*** Records shown Section Begins ***

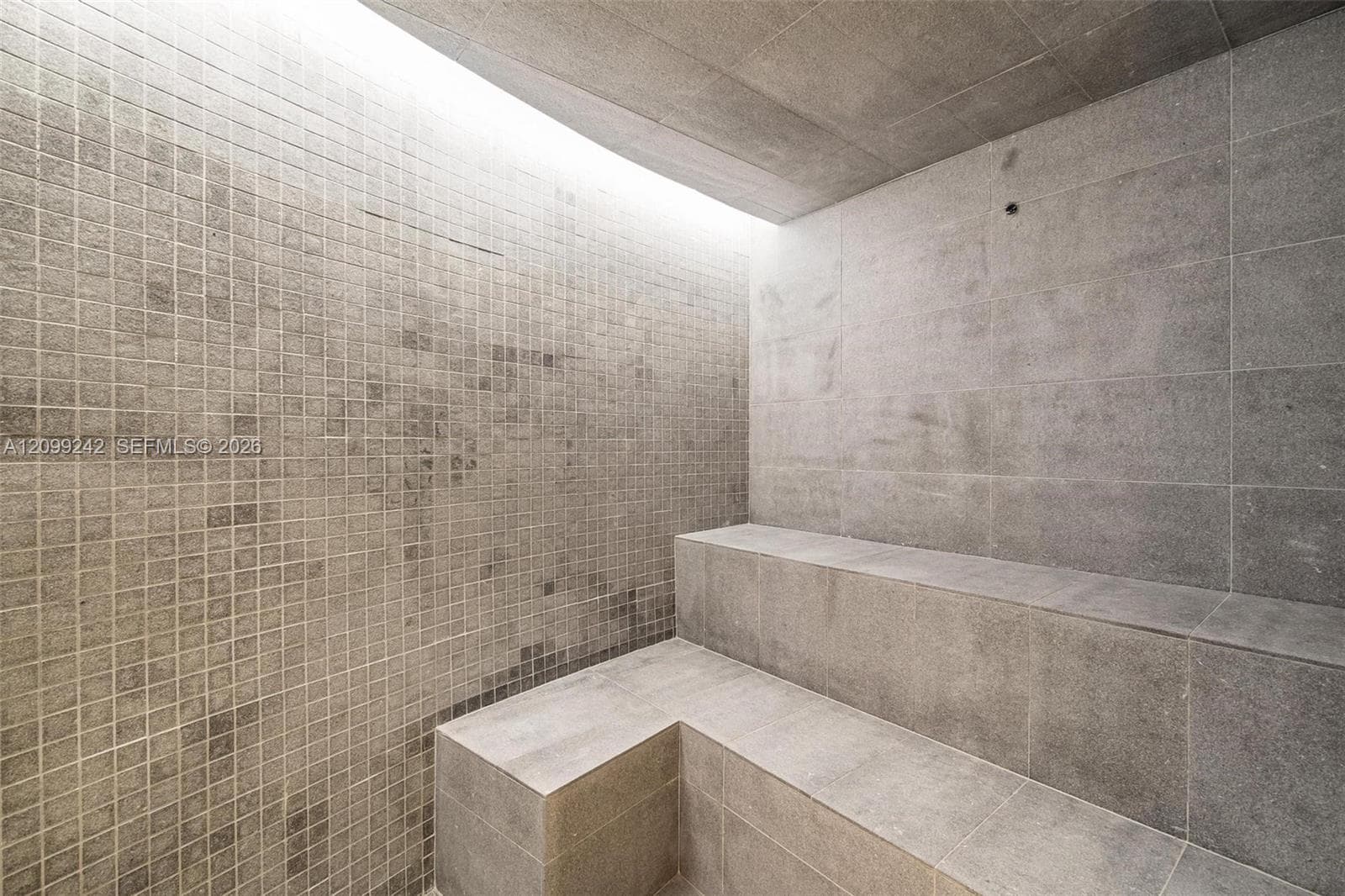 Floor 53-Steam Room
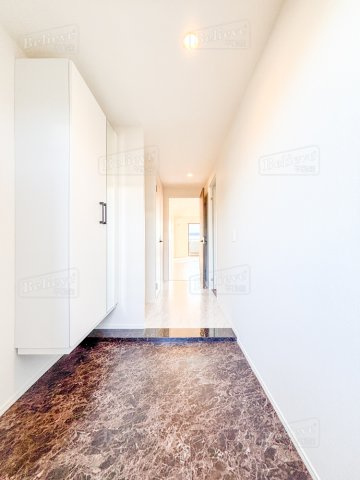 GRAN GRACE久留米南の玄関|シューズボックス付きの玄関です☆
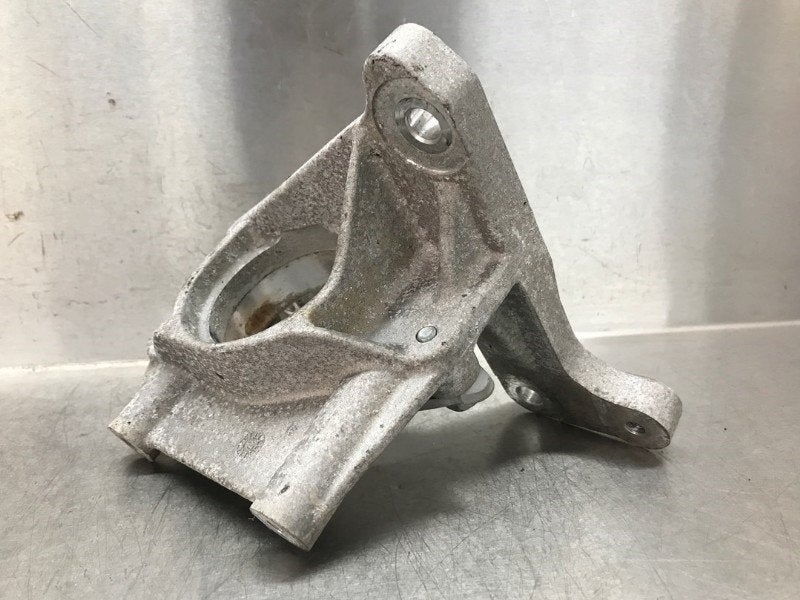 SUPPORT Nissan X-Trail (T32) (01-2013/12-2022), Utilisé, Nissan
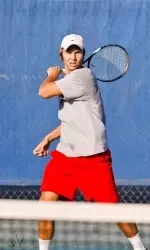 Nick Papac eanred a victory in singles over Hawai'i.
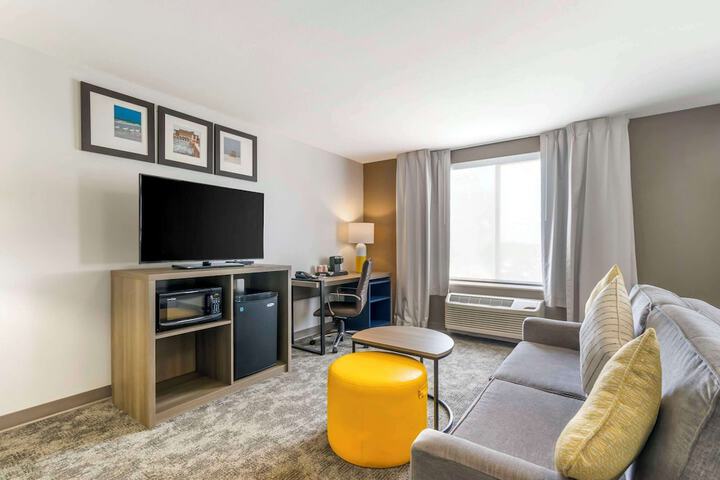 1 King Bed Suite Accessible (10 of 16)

*** Records shown Section Ends ***

An exact restatement of the lines from the one holding "Nick Papac eanred" through the end of the entries, both ends included, is the whole answer. Pictures stay out.

 Nick Papac eanred a victory in singles over Hawai'i.
 1 King Bed Suite Accessible (10 of 16)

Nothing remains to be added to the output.